Phil Portlock is a Washingtonian who with his wife, Pat Sloan, created a documentary on the history of African American voting rights. (Pat Sloan)

On Sunday evening, Phil Portlock sat across from his computer in his Northeast Washington home, fired up Zoom and once again tried to save democracy from those who would destroy it.

It’s how Phil and his wife, Pat Sloan, have spent every Sunday evening since early August. Together, they’ve been remotely offering a whirlwind history of African American voting rights in the United States — and the recent threats to it.

“We are at a crossroads,” Phil said, colorful protest photos forming the background behind him. Our country is in danger of being torn apart, he explained. The only way to stop that is with a ballot.

Phil is 79. He’s retired from Metro, where for 29 years he was a photographer chronicling such things as the construction of the transit system. He hadn’t had his first camera very long when he went on March 31, 1968, to Washington National Cathedral to see the Rev. Martin Luther King Jr. deliver a sermon titled “Remaining Awake During a Great Revolution.”
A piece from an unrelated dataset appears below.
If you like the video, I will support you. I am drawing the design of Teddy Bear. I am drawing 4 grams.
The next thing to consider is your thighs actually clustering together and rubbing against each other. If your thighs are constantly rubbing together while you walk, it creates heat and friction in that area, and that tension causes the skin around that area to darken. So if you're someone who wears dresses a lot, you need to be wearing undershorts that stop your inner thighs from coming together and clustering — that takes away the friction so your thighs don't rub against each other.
Said Phil: “That sermon just touched me.”

Four days later, King was assassinated in Memphis. From the roof of his house, Phil saw smoke rising above H Street NE. Parts of his hometown were aflame. Phil walked through the city taking pictures and then got into his car and drove to the National Arboretum.
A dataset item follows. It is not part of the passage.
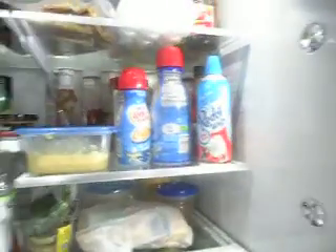Personally, I'm in love with this fridge. I really am. That's it. Bye-bye.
“It was April, so all the azaleas had just started blooming,” he said. “I had left a scene of tragedy and destruction and sought out some peace.”

Seeking peace — and seeding it — became part of Phil’s life. He became active with the Poor People’s Campaign. He became a student of the civil rights movement and the legislation that resulted from it: the Civil Rights Act of 1964 and the Voting Rights Act of 1965.

“No matter what position you have, in a democracy if you don’t have the right to have your voice heard, you cannot really be considered a full citizen,” he said.

Voting is the way citizens — Black and White, young and old, native-born and immigrant — make their voices heard.

And then in 2013 the Supreme Court considered the case of Shelby County v. Holder, which sought to strike down parts of the 1965 Voting Rights Act.

For 29 days, Phil and Pat held a vigil outside the court, urging the justices to leave the protections in place.

“We weren’t certain we could have any influence on the decision, but we felt since we lived here in Washington, it would be good if we had a presence there,” he said.

On June 25, 2013, the court declared that Sections 4(b) and 5 of the act were unconstitutional, relaxing federal oversight of jurisdictions with a history of voter suppression.

It would be harder to vote, but even more important, Phil and Pat decided.

They put together a documentary on how Black Americans gained the vote after the Civil War, saw it threatened by Jim Crow laws and violent voter intimidation, saw it protected by the 1965 act, only to see it threatened anew.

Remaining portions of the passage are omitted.